WHAT THIS TASK INVOLVES:
From the line with "Detalle 2 de" to the line with "Grey Cats as Shaolin Monks: Oil Painting", retype every line exactly, including those two, and leave out the rest of the data below.

EXCERPTED RECORDS:
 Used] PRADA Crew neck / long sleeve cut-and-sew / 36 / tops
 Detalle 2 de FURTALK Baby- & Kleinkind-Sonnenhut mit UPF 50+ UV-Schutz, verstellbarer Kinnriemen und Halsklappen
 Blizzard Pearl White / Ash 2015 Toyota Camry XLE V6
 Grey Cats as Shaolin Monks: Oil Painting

* * *

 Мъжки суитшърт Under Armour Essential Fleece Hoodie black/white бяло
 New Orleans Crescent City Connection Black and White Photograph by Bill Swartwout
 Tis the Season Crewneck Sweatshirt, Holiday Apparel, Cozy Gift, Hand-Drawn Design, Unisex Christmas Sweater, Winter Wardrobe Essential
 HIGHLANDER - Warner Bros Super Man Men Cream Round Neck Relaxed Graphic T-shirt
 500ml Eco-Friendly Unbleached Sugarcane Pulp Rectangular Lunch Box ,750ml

ANSWER SECTION:
 Detalle 2 de FURTALK Baby- & Kleinkind-Sonnenhut mit UPF 50+ UV-Schutz, verstellbarer Kinnriemen und Halsklappen
 Blizzard Pearl White / Ash 2015 Toyota Camry XLE V6
 Grey Cats as Shaolin Monks: Oil Painting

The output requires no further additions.